In connection with Mr. Lays appointment, the Company entered into an employment agreement (the Employment Agreement) with Mr. Lay. The Employment Agreement provides for an initial term of one year with automatic one-year renewals unless earlier terminated pursuant to the provisions of the Employment Agreement or written notice of non-renewal is delivered by either party at least 90 days prior to the expiration of the then-current term. As of the Effective Date, Mr. Lays annual base salary is $325,000, which will be increased to $350,000, effective as of April 1, 2020 (subject to a satisfactory performance review by the Board of Directors of the Company). Mr. Lays short-term incentive (STI) bonus opportunity target is 65% of his annual base salary, which STI payment, if any, for the 2019 fiscal year will be pro-rated. Mr. Lay additionally received a long-term incentive award as an employment inducement award, granted outside of the Companys 2015 Amended and Restated Equity Incentive Plan, comprised of restricted share units (RSUs) in respect of 150,000 shares. Of those, 100,000 RSUs are subject to time-based vesting conditions (with vesting in three equal annual installments on each of March 31, 2020, 2021 and 2022) and 50,000 of which are subject to performance-based vesting conditions (with vesting in two equal annual installments on each of March 31, 2021 and 2022, subject to achievement of the performance metrics to be established by the Board of Directors of the Company for the years ended December 31, 2020 and 2021). Such awards are subject to the terms and conditions of the respective award agreements.
The Employment Agreement entitles Mr.
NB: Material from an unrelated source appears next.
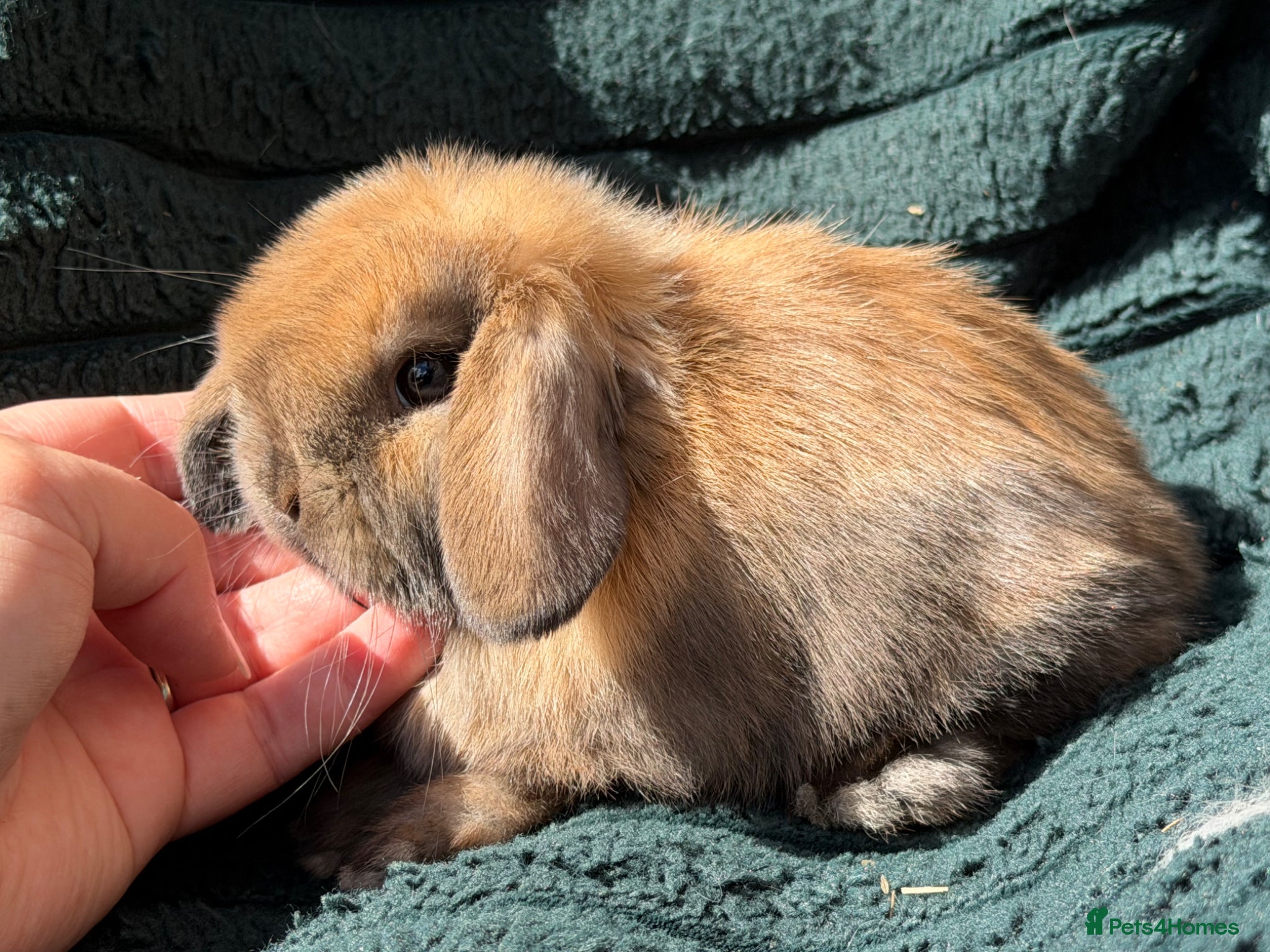 Mini Lop rabbits for sale: stunning baby girl ready now - Advert 7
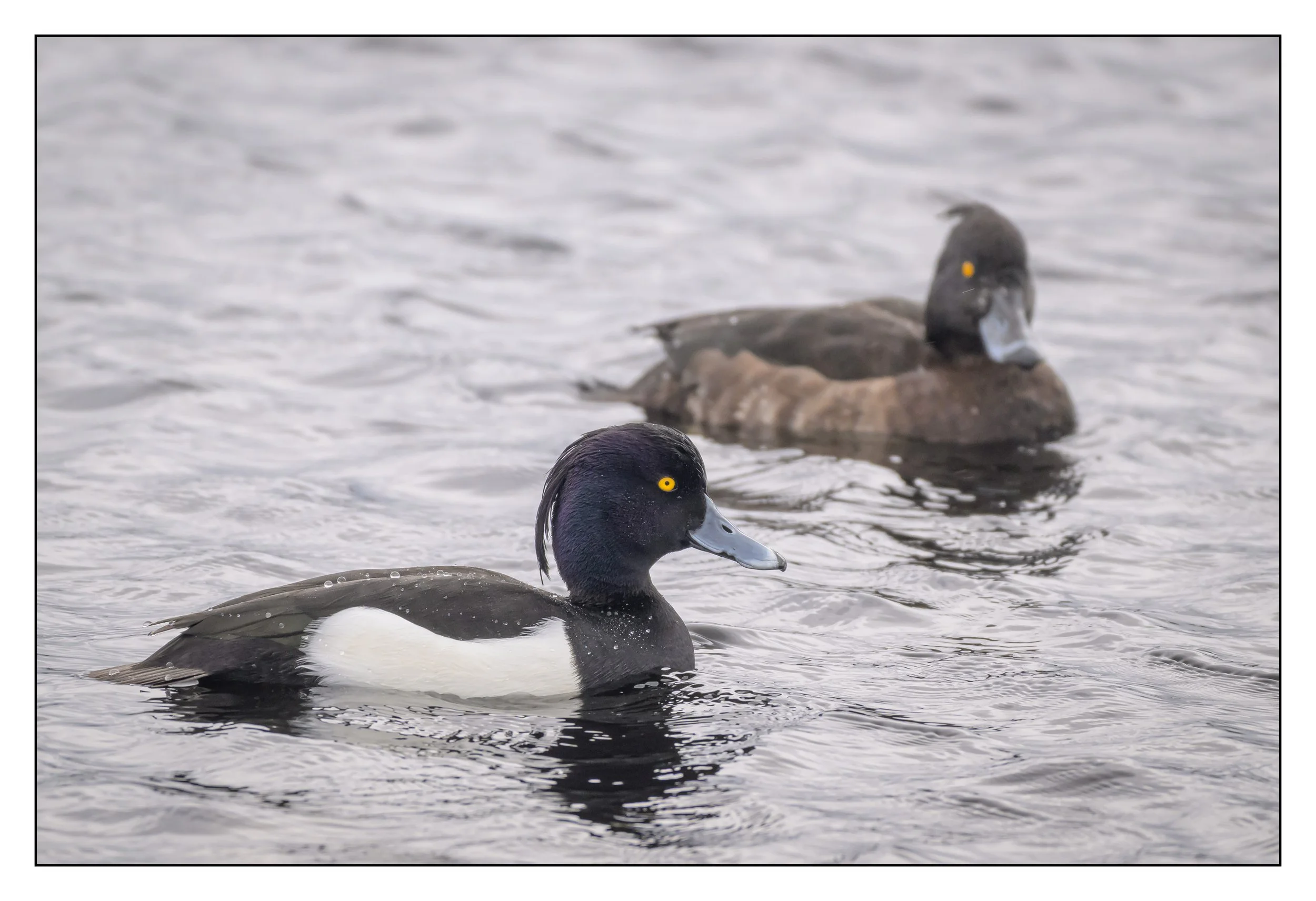 Tufted Duck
Lay to certain severance benefits if the Company terminates his employment other than for Disability or Cause (including by reason of not renewing the term), or if he terminates his employment for Good Reason (a Qualified Termination). In such event, subject to Mr. Lay signing and not revoking a release of claims in favor of the Company, the Company would pay him, among other things, continued annual base salary for a 12-month period, subsidized health insurance premiums for 12 months, STI earned for the prior year, if not paid, and, if terminated on or after April 1, a pro-rated STI based on actual results. If the Qualified Termination occurred within 90 days before or two years after a Change in Control of the Company, then the Company would pay or cause to be paid to Mr. Lay the following additional benefits: (i) his target STI for the fiscal year in which the termination occurs (without pro-ration), and (ii) his then-outstanding equity incentive awards would become vested in full (without pro-ration), with any specified performance objectives deemed to be satisfied at the target level. The Company would pay lower amounts of severance benefits if Mr. Lays employment is terminated due to death or Disability. The Company has also agreed to reimburse Mr. Lay for certain reasonable travel and other out-of-pocket expenses, including certain costs associated with his travel to the Companys headquarters in Tucker, Georgia. The Employment Agreement additionally contains standard restrictive covenants.
All capitalized terms used but not defined herein have the meanings set forth in the Employment Agreement.
The Company expects to include copies of the Employment Agreement, the time-based RSU award agreement, and performance-based RSU award agreement as exhibits to a future periodic report, to be filed with the U.S. Securities and Exchange Commission. The foregoing description does not constitute a complete summary of the terms of the Employment Agreement, the time-based RSU award agreement, and performance-based RSU award agreement, and is qualified in its entirety by reference to the full text of each agreement.
The Company had previously entered into a short-term consulting agreement with Mr. Lay on September 2, 2019, which terminated by its terms on September 30, 2019.